NZAC
- Abbreviation: NZAC
- Nickname: Alpine Club
- Formation: 1891 (135 years ago)
- Founded at: Christchurch, New Zealand
- Legal status: Incorporated society
- Region served: New Zealand
- Members: 4,400 (2021)
- Affiliations: International Climbing and Mountaineering Federation (UIAA);
- Website: alpineclub.org.nz

= New Zealand Alpine Club =

New Zealand national climbing organisation

The New Zealand Alpine Club (NZAC), is a national climbing organisation in New Zealand. It was founded 1891 and is one of the oldest alpine clubs in the world. NZAC was one of many founding members of International Climbing and Mountaineering Federation (UIAA), and still an active member. As of 2021, NZAC has over 4,000 members who are spread across twelve main sections, eleven in New Zealand and one in Australia, plus members in other countries. It runs a national office based in Christchurch.

==History==
The NZAC was founded on 28 July 1891 at Warner's Commercial Hotel in Christchurch, New Zealand. Leonard Harper (Christchurch) was voted as the inaugural chairman in absentia. Harper had left for England on 25 July, and while away, it was discovered that he had embezzled money; hence he did not return. Frederick Hutton (Christchurch), Edward Sealy (Timaru), Malcolm Ross (Dunedin), and John Holland Baker (Wellington) were the inaugural vice-presidents. Arthur Paul Harper, Leonard Harper's son, was the inaugural secretary and treasurer.

==Overview==
The club actively promotes climbing in New Zealand and overseas. It publishes guidebooks to New Zealand mountains and to selected rock climbing areas, and also makes this information accessible online. It publishes a quarterly magazine The Climber (which is also online), and the annual New Zealand Alpine Journal. NZAC owns 17 lodges and huts that are available for use by club members and other climbers. Most sections provide instruction courses for beginning climbers and the club also provides instruction for intermediate and advanced skills. NZAC sponsors the annual national bouldering series held during the summer at four locations, as well as other local and national competitive climbing events.

== Mountaineering ==
The visibility of mountaineering in New Zealand was boosted by the 1953 ascent of Mount Everest by Sir Edmund Hillary and Tenzing Norgay. Hillary is amongst the best known and most revered New Zealanders and was a life member of the NZAC. Other NZAC members have completed first ascents in many mountain areas, including in the Himalayas, Antarctica and the Andes.

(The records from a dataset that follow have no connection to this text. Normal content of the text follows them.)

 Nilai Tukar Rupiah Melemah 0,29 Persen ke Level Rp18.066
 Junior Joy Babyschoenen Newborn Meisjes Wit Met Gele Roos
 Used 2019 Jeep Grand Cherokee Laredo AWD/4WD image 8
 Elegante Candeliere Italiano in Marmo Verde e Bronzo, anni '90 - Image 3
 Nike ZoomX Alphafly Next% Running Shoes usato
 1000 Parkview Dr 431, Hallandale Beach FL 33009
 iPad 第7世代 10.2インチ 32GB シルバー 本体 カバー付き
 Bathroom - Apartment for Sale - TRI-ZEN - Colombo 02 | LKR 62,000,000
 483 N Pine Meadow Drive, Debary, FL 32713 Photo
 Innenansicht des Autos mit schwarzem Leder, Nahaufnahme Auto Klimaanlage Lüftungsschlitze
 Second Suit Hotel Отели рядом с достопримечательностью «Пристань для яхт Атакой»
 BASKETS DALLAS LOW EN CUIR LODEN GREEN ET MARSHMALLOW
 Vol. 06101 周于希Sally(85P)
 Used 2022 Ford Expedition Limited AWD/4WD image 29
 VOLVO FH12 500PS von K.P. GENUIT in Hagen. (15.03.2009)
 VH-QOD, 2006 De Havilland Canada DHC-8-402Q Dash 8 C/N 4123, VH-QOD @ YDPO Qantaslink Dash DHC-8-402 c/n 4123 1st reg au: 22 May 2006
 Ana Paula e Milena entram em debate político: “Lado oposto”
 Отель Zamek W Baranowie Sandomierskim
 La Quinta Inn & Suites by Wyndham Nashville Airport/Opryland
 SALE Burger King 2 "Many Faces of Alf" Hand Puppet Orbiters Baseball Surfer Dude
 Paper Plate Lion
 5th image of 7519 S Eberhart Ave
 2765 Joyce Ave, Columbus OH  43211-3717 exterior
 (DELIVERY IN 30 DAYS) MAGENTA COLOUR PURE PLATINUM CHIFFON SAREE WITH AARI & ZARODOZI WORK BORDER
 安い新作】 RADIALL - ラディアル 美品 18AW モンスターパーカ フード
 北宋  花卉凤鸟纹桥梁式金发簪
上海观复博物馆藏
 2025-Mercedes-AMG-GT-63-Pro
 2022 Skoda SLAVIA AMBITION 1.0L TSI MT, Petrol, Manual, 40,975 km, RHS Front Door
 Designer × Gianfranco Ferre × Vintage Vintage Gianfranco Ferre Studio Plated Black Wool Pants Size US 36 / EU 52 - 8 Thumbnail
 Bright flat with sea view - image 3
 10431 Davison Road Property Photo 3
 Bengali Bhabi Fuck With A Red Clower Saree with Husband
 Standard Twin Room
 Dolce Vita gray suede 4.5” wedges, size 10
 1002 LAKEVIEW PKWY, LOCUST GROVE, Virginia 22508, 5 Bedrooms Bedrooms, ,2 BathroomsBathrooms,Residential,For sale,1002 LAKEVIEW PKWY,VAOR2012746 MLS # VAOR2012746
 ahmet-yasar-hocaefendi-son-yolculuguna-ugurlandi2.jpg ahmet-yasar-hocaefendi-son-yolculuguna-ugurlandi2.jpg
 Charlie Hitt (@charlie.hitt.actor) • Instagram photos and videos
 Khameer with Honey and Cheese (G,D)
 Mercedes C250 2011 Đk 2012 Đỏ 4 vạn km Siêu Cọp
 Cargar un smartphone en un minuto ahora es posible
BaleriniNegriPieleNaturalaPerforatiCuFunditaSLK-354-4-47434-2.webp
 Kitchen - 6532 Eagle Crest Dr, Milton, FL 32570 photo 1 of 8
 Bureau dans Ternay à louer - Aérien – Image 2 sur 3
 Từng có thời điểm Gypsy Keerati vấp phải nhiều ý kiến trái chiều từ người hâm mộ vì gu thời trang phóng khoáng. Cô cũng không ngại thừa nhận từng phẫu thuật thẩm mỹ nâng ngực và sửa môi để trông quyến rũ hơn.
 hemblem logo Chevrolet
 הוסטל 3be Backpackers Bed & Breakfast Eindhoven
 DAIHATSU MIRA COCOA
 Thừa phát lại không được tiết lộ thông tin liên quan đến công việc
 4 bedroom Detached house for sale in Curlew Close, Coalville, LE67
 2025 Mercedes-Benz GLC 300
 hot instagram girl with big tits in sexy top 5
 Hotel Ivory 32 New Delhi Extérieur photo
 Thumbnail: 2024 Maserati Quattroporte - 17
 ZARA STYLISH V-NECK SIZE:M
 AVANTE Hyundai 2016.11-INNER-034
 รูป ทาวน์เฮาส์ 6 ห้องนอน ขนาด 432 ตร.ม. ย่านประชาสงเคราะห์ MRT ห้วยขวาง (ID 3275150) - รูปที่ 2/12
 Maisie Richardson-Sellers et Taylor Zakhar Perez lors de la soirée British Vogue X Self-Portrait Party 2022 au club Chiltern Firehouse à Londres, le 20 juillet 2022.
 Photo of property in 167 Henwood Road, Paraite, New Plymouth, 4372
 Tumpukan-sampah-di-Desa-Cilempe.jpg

New Zealand is a very mountainous country, and mountaineering has long been popular in New Zealand. The mountaineering opportunities focus particularly on the Southern Alps which run the length of the South Island, but also include other ranges such as the Kaikōuras, Arrowsmiths and the North Island volcanoes Mount Taranaki and Mounts Ruapehu, Ngauruhoe and Tongariro.

== Rock climbing ==
Rock climbing attracts many participants in New Zealand and the varied topography and rock types provide opportunities for rock climbing within some cities such as Auckland, Christchurch and Dunedin, and within an hours drive of most cities in New Zealand. Ice climbing, bouldering, sport climbing and trad climbing are all well established.